By Chemi Shalev | May.21, 2012 | 12:14 PM | Haaretz News

The chances that Israel would endorse an agreement with Iran are slim: Iran will never accept Israel’s all-or-nothing conditions nor will it accede to Israel’s stringent demands for verification. If an agreement is reached between the P5+1 forum with Iran, it will almost by definition be one that Israel is suspicious of. One way or another, any agreement, even a temporary or limited one, would preclude, at least for the time being, any possibility of an Israeli military attack on Iran’s nuclear installations. Even if Israel is deeply dissatisfied with the provisions of an agreement with Tehran, it seems almost unthinkable that it would flout an international consensus and launch an attack that would turn the entire world against it.
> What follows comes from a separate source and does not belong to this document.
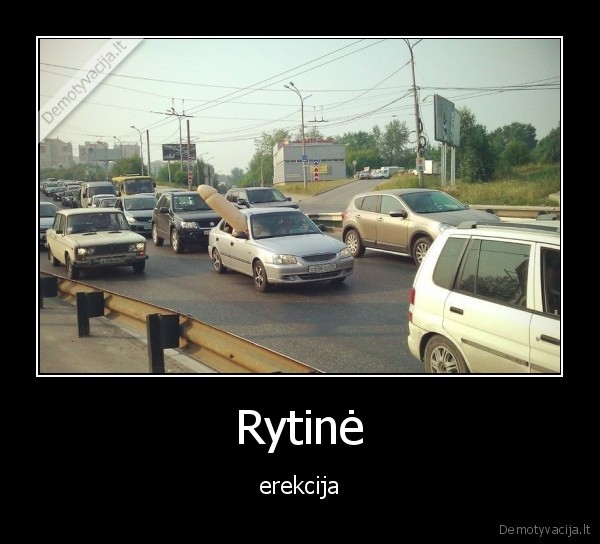 rytas,stovi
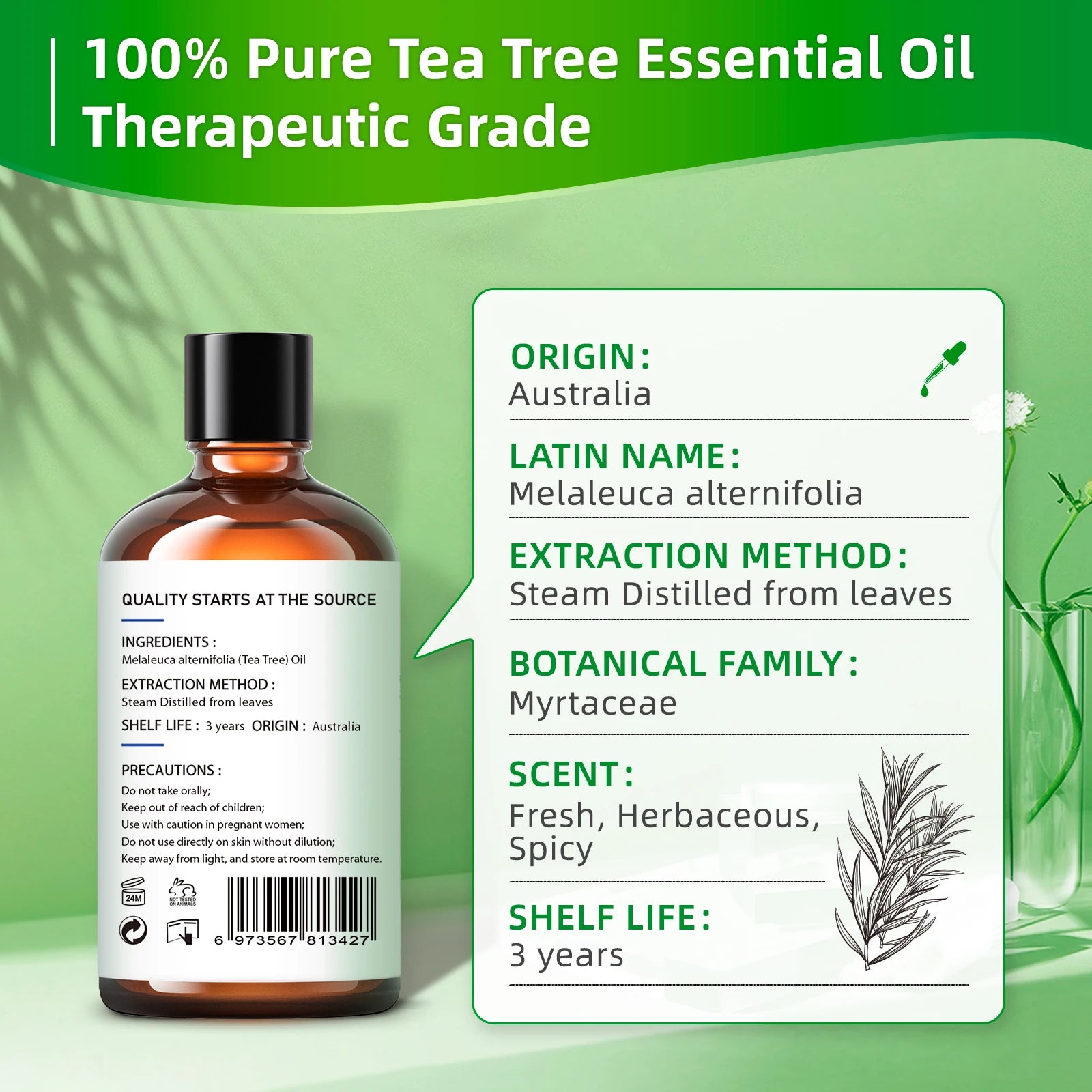 HIQILI Tea Tree Essential Oil 100ml – 100% Pure Steam Distilled Oil for Aromatherapy, Diffusers & Hair Care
From this point of view, perhaps the establishment of a broad-based national unity government will serve a purpose that is the exact opposite to the one envisioned for it by several American commentators: rather than giving political backing to an Israeli attack, it will provide cover for an Israeli government that tells the country that such an option no longer exists.

Israel’s leadership, especially Prime Minister Benjamin Netanyahu, will then have to decide on its public reaction. The Republican leaders, needless to say, will be waiting to take their lead from the Israeli prime minister before launching their pre-planned onslaught against Obama “the appeaser” who is once again “throwing Israel under the bus”, as Mitt Romney often says, in order to “kowtow to his Muslim masters”, as the President’s morefanatic detractors believe. On the other side of the political divide, the suspicion and distrust that is a permanent feature of the relations between the White House in Washington and the Prime Minister’s Office in Jerusalem may cast even the most legitimate Israeli protest criticism as an attempt to intervene in the American elections on behalf of Netanyahu’s conservative allies.